Set up for production, not lessons
The single thing that determines whether iPad practice works is the task. You want to produce characters from a blank space, not tap through guided lessons. A lesson-led app trains recognition, and recognition is not recall, which we cover in recognition versus recall. So set yourself up to write: a prompt that gives you the sound or meaning, a blank cell, and a stroke-order guide you reveal only when you are stuck.
Kana, then kanji
Start with hiragana and katakana if you are early. They are small, finite sets, and a couple of weeks of short daily writing makes them automatic. Then move to kanji, where the set is large and recognition tends to outrun writing. Kanji benefits from a dedicated writing app and a spaced schedule, covered in our iPad kanji writing app guide and the learn kanji strokes on iPhone post if you are on a smaller screen.
Finger or Apple Pencil
Both work. A finger is convenient and good enough to build real recall. An Apple Pencil feels closer to pen on paper, which makes longer sessions comfortable and, honestly, makes you more likely to keep at it. Be aware that in Kanji Write Practice, Apple Pencil support is planned, with finger writing first, and we describe the Pencil experience plainly in practising kanji with Apple Pencil. Whatever you use, write at a comfortable size rather than cramping the strokes.
Finger or Apple Pencil on iPad
Either works for building recall; they differ mainly in feel and precision:
| Finger on iPad | Apple Pencil | |
|---|---|---|
| Cost | Free | A Pencil to buy |
| Feel | Rougher | Pen-like |
| Precision on small kana | Lower | Higher |
| Good enough to build recall | Yes | Yes |
Start with a finger if that is what you have; the Pencil is a comfort upgrade, not a requirement.
Does it carry over to paper?
Yes, and this matters because people doubt it. The benefit of writing comes from producing the character from memory, stroke by stroke. That trains the same recall and the same motor sequence whether the ink is digital or real, which is why the retrieval effort still builds memory, the testing effect. The screen also removes friction, so your daily habit survives busy days. If you have a written exam, do a little practice on real paper in the final stretch to smooth the last bit of transfer, but the daily work can happen on the iPad.
A simple iPad routine
- Take a small set, three to five characters.

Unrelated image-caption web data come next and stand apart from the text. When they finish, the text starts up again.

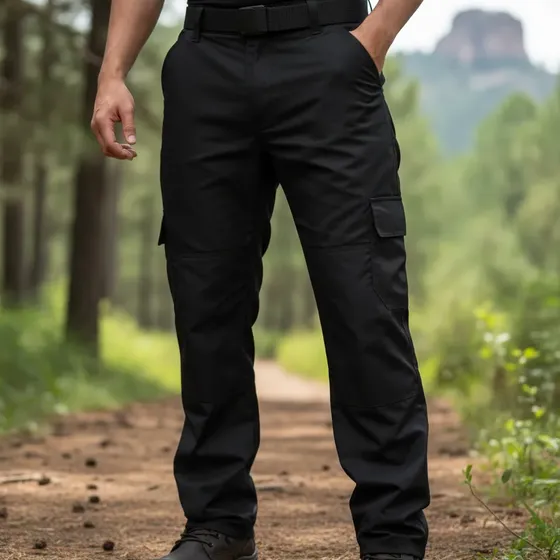 Calça Cargo Masculina Tatica Original Reforçada Poly Rip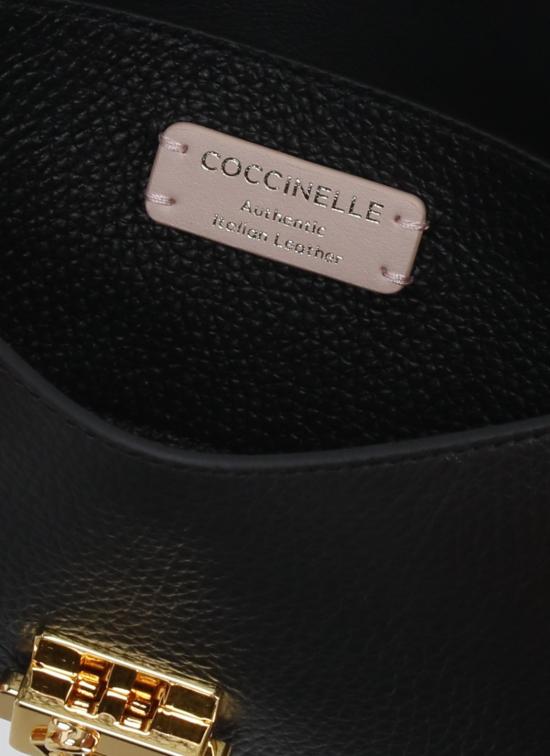 26SS 코치넬리 크로스백 E5U4K520101 C ME LOCK001 Nero - COCCINELLE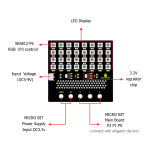 KEYESTUDIO SK6812 4x8 LED dot matrix shield KS0315 για Micro:bit - Image 3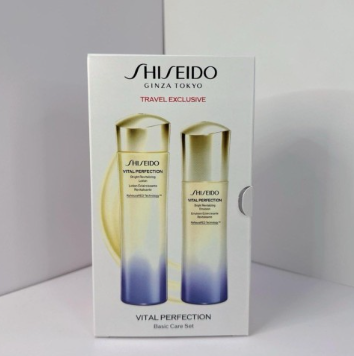 시세이도 기초화장품 바이탈 퍼펙션 베이직케어 화장품 세트 로션 150ml 에멀젼 100ml 추천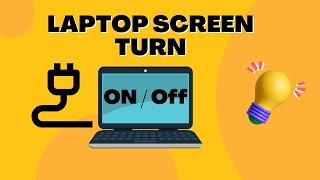 Laptop Screen Goes Off When Charger Plugged In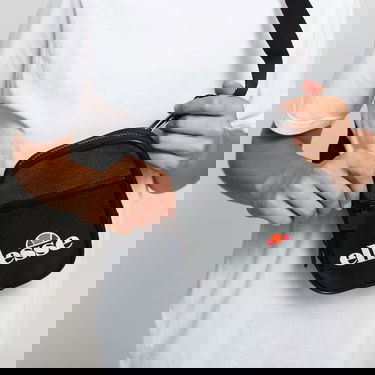 Torba za čez ramo Ellesse Templeton Small Bag Črna | SAAY0709, 2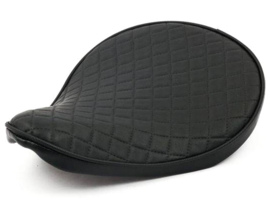 Sattel Bobber Style! Schmall Diamond Schwarz Univerasal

- See the sound or meaning, then write each from memory.
- Reveal a stroke-order guide only when stuck, then write it again without it.
- Let the ones you miss come back sooner with a spaced schedule.
Five to ten minutes a day is plenty. For the wider method, see draw kanji from memory.
A worked iPad session, and common mistakes
A good iPad session is short and deliberate. Open the app, take three to five characters, and for each one read the prompt, cover the answer, and write the character at a comfortable size, filling most of the cell rather than cramping it in a corner. Only after you have committed to an attempt do you reveal the guide, note any wrong stroke, and write it once more cleanly. Five minutes of that, done honestly, is a complete session. Two mistakes undo most iPad practice. The first is peeking: glancing at the character before you try, which turns the whole thing back into recognition and quietly removes the benefit. If you find yourself peeking, hide the prompt area or look away as you start. The second is tracing: following a faint character over and over because it feels productive. After the first stroke from memory, repeated tracing is copying, not recalling, and copying builds far less. Treat the guide as something you check against when stuck, not a template you ride. One more small thing: write at a relaxed size and pace. A hurried, tiny character teaches your hand a cramped shape, while a calm, full-size one builds a clean motion you can reproduce on paper later.